H. Sechman a, M. Dzieniewicz a and A. Nowicka b

a AGH University of Science and Technology, Faculty of Geology, Geophysics and Environment Protection, Department of Fossil Fuels, al. A. Mickiewicza 30, 30-059 Krakow, Poland.

b PGNiG – Polish Oil & Gas Company, Zielona Góra Branch, Pl. Staszica 9, 64-920 Piła, Poland.

Corresponding author, email:

The occurrence of methane and heavier homologues and unsaturated hydrocarbons was recorded in 226 soil gas samples recovered from a study area in the Pomeranian Synclinorium, NW Poland. Samples were collected at stations located along three survey lines (I-I’, II-II’ and III-III’) at a 200 m spacing. Concentrations of methane, total alkanes (C2-C4) and total alkenes (C2-C4) reached 13.7 vol. %, 18.4 ppm and 0.555 ppm, respectively. Soil gas alkanes heavier than methane were interpreted to be derived from subsurface hydrocarbon accumulations. These hydrocarbons migrated up into the near-surface zone along structural discontinuities and fractures which were observed on seismic profiles.
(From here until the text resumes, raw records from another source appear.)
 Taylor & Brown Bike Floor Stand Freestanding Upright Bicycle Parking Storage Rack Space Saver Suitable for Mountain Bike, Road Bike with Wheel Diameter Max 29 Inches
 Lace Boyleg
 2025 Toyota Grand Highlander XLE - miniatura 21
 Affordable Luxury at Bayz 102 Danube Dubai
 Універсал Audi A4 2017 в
The migration rate of hydrocarbons from subsurface accumulations towards the surface was determined by the ethane/ethylene (C2/C2=) ratio. The statistical distribution of the ethane:propane (C2/C3) ratio and plots of the C2/C3+C4 and C1/C2+C3 ratios indicated that accumulations of condensate, gas or oil with a gas cap probably occur in the study area. Variations in normalized values of total alkane C2-C4 concentrations allowed surface geochemical anomaly zones to be identified. These anomaly zones were evidence for the occurrence of subsurface hydrocarbon accumulations.
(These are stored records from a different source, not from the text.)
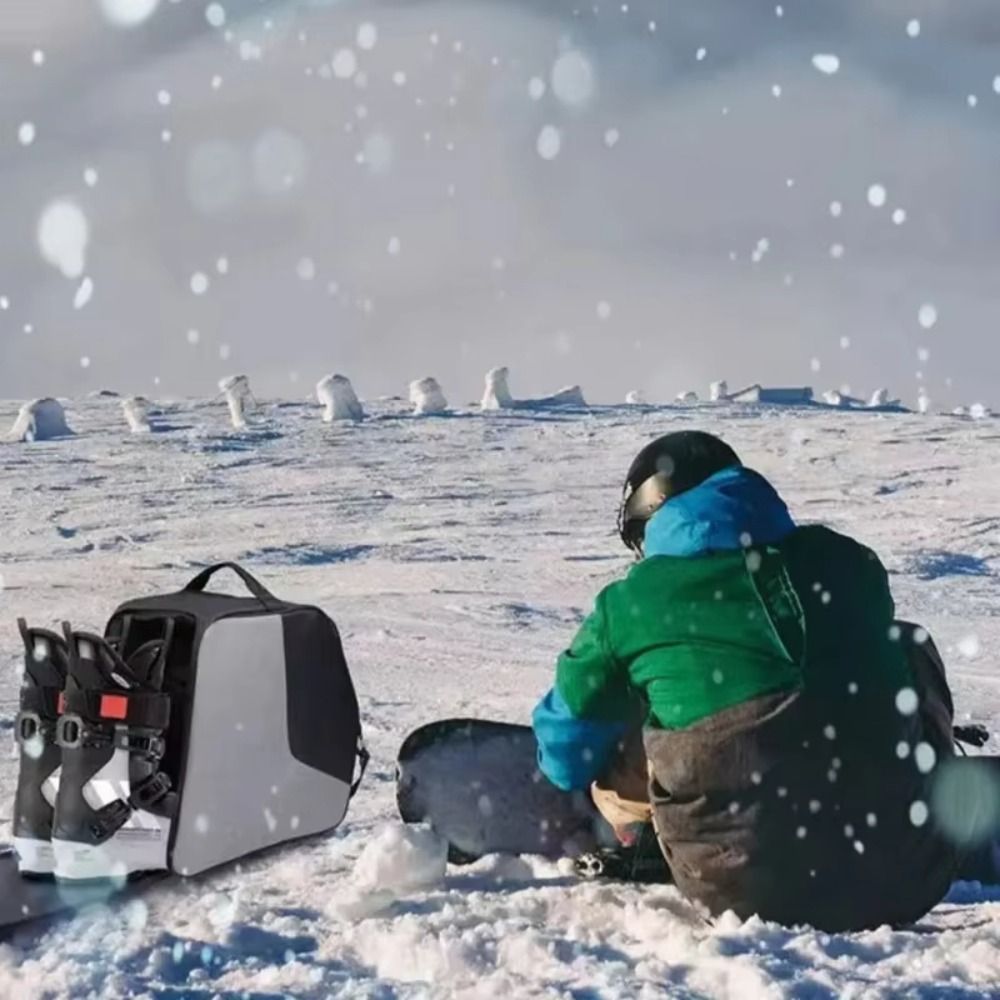 Waterproof Ski Boot Bag Shoes  - Ski Glove Waterproof ulasan dan harga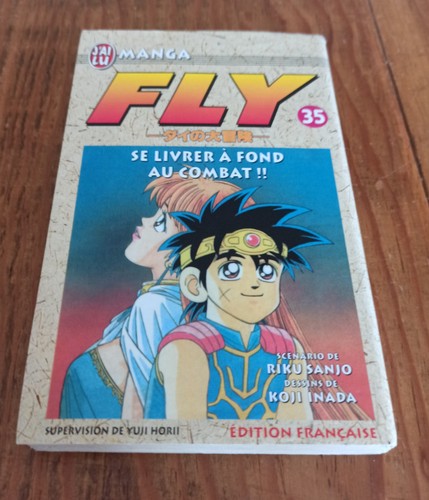 Fly manga - fly,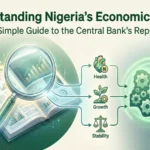 Understanding Nigeria's Economic Health: A Simple Guide to the Central Bank's Report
Hydrocarbon accumulations are most likely to occur beneath the central part of profile II-II’ and may also occur in the SW and NE parts of profile III-III’ where both the Carboniferous and the Zechstein Main Dolomite are prospective. In these areas, hydrocarbon accumulations may occur in fault-bounded anticlinal highs.
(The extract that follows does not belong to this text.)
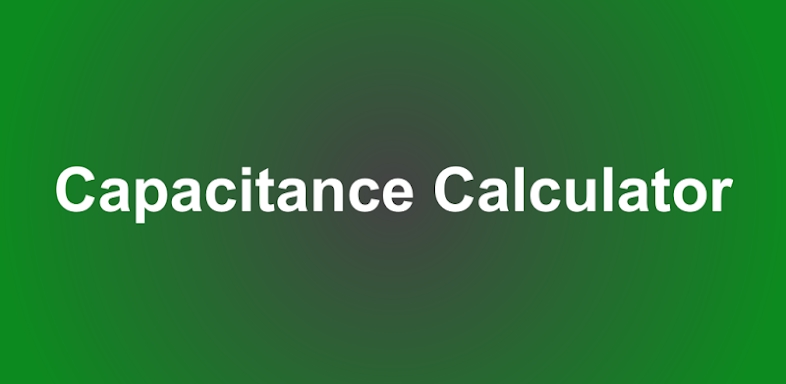 Capacitance code Calculator screenshots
Surface geochemical anomalies also confirm the presence of a non-commercial hydrocarbon accumulation in the Main Dolomite which was discovered by the D-1 well, and the possibility of another subsurface accumulation in an adjacent tectonic block. Soil gas analyses combined with seismic data provide evidence for the hydrocarbon prospectivity of the study area.